#### DATA EXTRACT ####

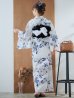画像6: 【即日発送】ニュアンスモノトーンフラワー浴衣【浴衣３点セット 浴衣/帯/下駄】OBI-siwa-200-kj-1-B / HIMO-900-yn-4-GYxGY / HEKO-800-sb-5-WH / YA-73-kn-GY / GETA-01-kj-3-IV/ [YMT]
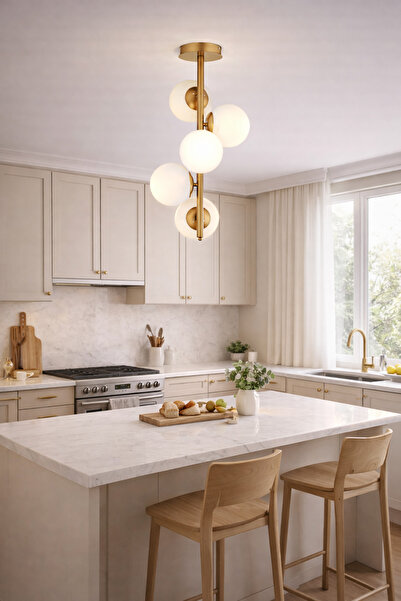 Apliqa HubRom chandelier, UZEL 3588-05-FR 40x 70 cm 5xE27-60W Antique-Brown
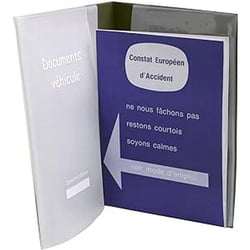 ColorPop porte document voiture  ( 1 constat inclus ) 23.8 x 18.3 x 3.3 cm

####

• **TASK OBJECTIVE**
Return the data above unchanged. Pictures are not part of the copy.

• **TASK RESPONSE**
画像6: 【即日発送】ニュアンスモノトーンフラワー浴衣【浴衣３点セット 浴衣/帯/下駄】OBI-siwa-200-kj-1-B / HIMO-900-yn-4-GYxGY / HEKO-800-sb-5-WH / YA-73-kn-GY / GETA-01-kj-3-IV/ [YMT]
 Apliqa HubRom chandelier, UZEL 3588-05-FR 40x 70 cm 5xE27-60W Antique-Brown
 ColorPop porte document voiture  ( 1 constat inclus ) 23.8 x 18.3 x 3.3 cm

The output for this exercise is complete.